Countryside at Aley Green March 2012
Countryside at Aley Green March 2012

Landscape

Aley Green lies at the north-eastern end of the Chiltern Hills. This is a chalk landscape and chalk is the underlying geology. This chalk is of three distinct types. A narrow strip beneath the line of Mancroft Road is of a type known as Holywell Nodular Chalk Formation and New Pit Chalk Formation – laid down between 89 and 99 million years ago in the Cretaceous Period in warm shallow seas. This is surrounded by two other types of chalk – Lewes Nodular Chalk Formation and Seaford Chalk Formation, laid down between 84 and 94 million years ago and West Melbury Marly Chalk Formation laid down between 94 and 99 million years ago.
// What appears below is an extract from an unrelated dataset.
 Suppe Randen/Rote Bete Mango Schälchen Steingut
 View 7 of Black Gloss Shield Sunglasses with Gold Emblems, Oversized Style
Overlying this chalk solid geology is a subsoil of clay with flints.

As one might expect, on the slopes of the Chilterns, Aley Green is quite elevated for a place in Bedfordshire. The cemetery stands at around 493 feet above sea -level

Aley Green sign March 2012
Aley Green sign March 2012

Name

The name is not an easy one to interpret. The first element may, perhaps, derive from the Scandinavian personal name Áli.

Site of the old works in Aley Green March 2007
Site of the old works in Aley Green March 2007

Administrative History

Aley Green is a hamlet in the civil parish of Caddington. It is likely that the original settlement of Aley Green occurred through clearing woodland, perhaps by squatters seeking land and dwellings outside the Manor of Caddington at some time in the early Middle Ages.

The green is referred to in the 17th century but by the late 18th century it had gone. It may well have occupied the triangular area created by the junction of Piper's Lane and Mancroft Road running south.

Like the rest of the civil parish Aley Green has been in both Bedfordshire and Hertfordshire in its time. The most recent boundary change occurred in 1965 [CDR75] when the hamlet was brought entirely into Bedfordshire. Up to that point two segments of the hamlet lay in Hertfordshire. The first segment was enclosed by a rough rectangle running: Mancroft Road - Markyate Road - the footpath leading from the bend of Piper's Lane to Markyate Road - the footpath from the bend in Piper's Lane to Mancroft Road at the north-west corner of the Methodist Church. The second segment included the properties on the west side of Piper's Lane including Rose Cottage, Easter Cottage, Sunnyside and Boundary Cottage. Both these segments are now inside Bedfordshire.